Development Appraislals Flashcards
Talk me through a development appraisal you have carried out.
For the development appraisal that I carried out in Hammersmith, I had received the clients inputs.
I calculated the GDV through the sales values.
I verified their build costs with BCIS and a building surveyor in my firm.
The profit on cost generated a land value for the client.
What is the Hammersmith affordable housing provision?
It is applied on developments that will compromise of 10 self contained dwellings or more.
Why does affordable housing provisions exist?
They are there to help the housing mix and provide a more sustainable communities in boroughs.
Talk me through your steps to advising the client on your work in Hammermsith.
My advice to the client was for them to build a scheme with a less amount of units, but those units to be larger in size. I recommended that they built nine larger flats rather than 15 smaller ones.
What was the affordable housing provisions impact on the profitability?
I checked the impact the affordable housing had on the profitability on the scheme through doing a sensitivity analysis check at 5% staged reductions.
What is S106?
This is a a legal agreement between a planning authority and a developer.
Where does S106 derive from?
The Town and Country Planning Act 1990
What is the difference between CIL and a S106 agreement?
CIL is a fixed tax. S106 is site specific and negotiable.
How do you calculate CIL?
That it varies across each borough, and you can calculate it through the CIL charging schedule on the local authoritys website.
When would you apply CIL?
You would only apply it to the private part of a development.
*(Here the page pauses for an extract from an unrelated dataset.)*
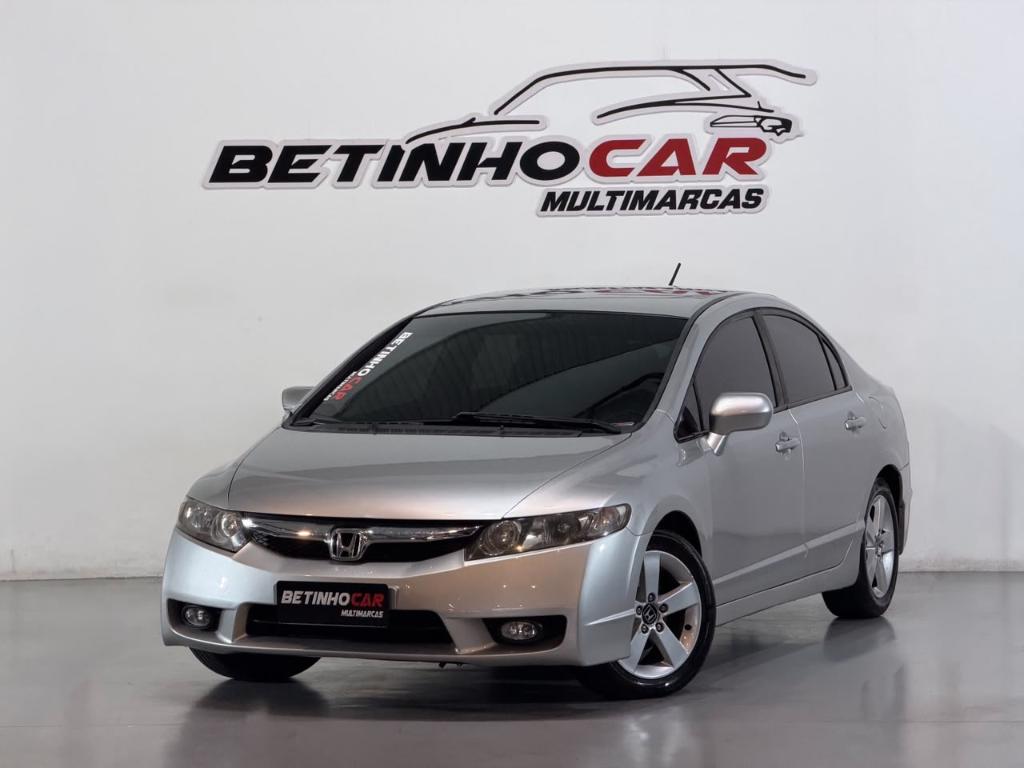 Honda Civic LXS 1.8 CVT FLEX 2007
Not the affordable units. And it is applied to the GIA.
What is the purpose of CIL and MCIL?
The purpose of CIL and MCIL is to provide back into the borough, as a tax. For example it would go towards schools, roads, hospitals.
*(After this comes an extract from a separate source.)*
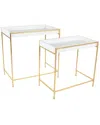 Peyton Lane Set Of 2 Console Tables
Say I am developing a residential property, but on top of an existing building, would I still apply CIL?
Yes, you would apply CIL to the new GIA of the property, it would not be applied to the total GIA of the total complete development.
What is the difference between a residual valuation and a development appraisal?
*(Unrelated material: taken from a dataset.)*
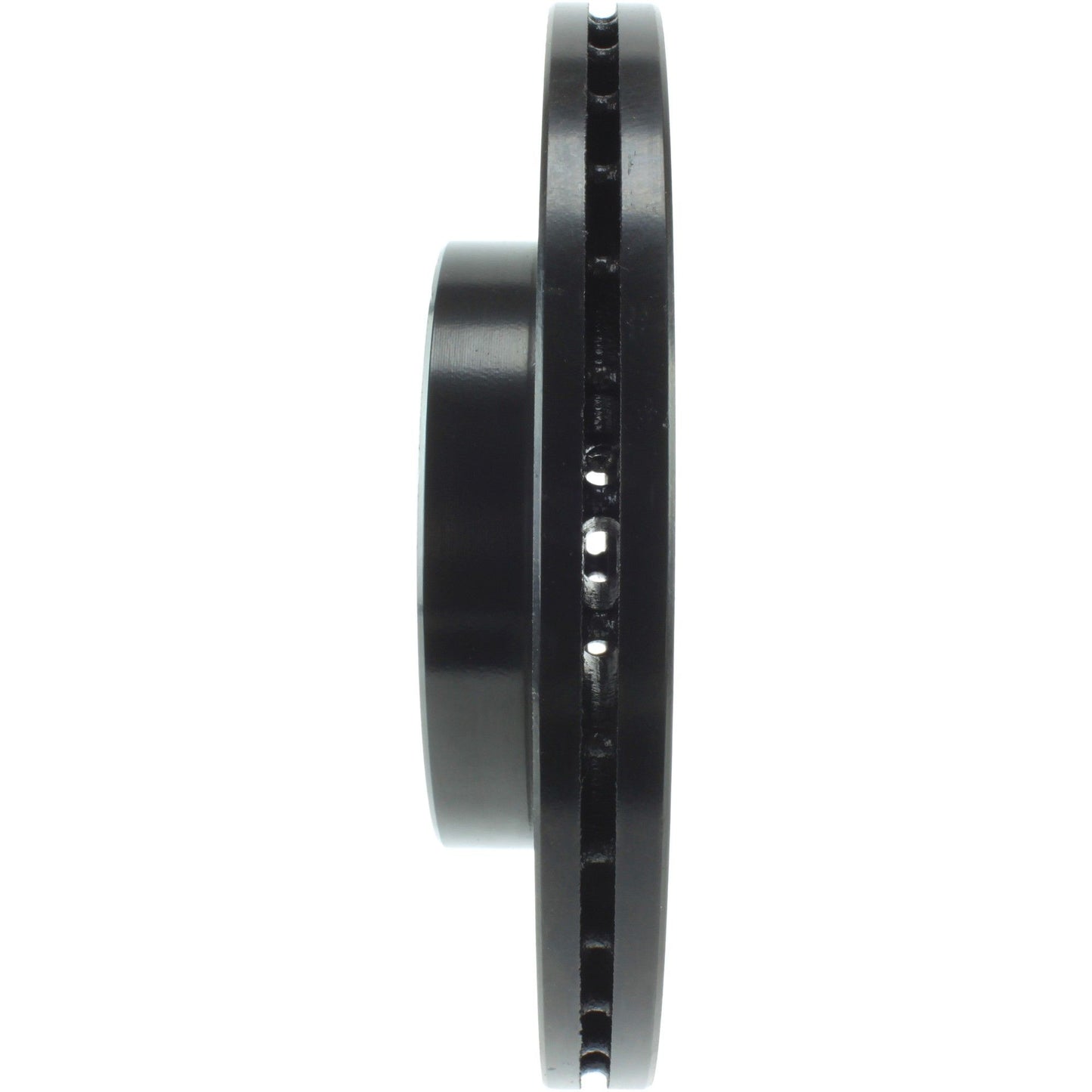 StopTech Sport Drilled/Slotted Brake Rotor; Front Left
Development appraisals use client inputs and show the client the profitability of the scheme.
Residual valuations use market inputs, and find out the value of the land for your client.
How do you calculate stamp duty?
Stamp duty are in thresholds which are:
Properties up to £250,000 don’t have stamp duty.
£250,001 - £925,000 = 5%
£925,001 - £1.5m = 10%
Properties over £1.5 = 15%
How do you work out the value of land?
GDV - Costs - Profits.
How would you measure risk in a residual or development appraisal?
Risk is reflected in the contingency and the finance rate.
What is the effect of having a high land value?
It means the clients profits would be less
When would you pay CIL?
On the assumed development commencement date
What can impact a schemes viability?
Build costs, sales values, finance as they can impact cash flow and time.
Are there limitations to using BCIS?
Comes with concern around it’s accuracy as by the time it is published it is out of date.
Why do you use both argus and excel?
Because I like to cross reference and check my work on argus as it blinds the calculation process.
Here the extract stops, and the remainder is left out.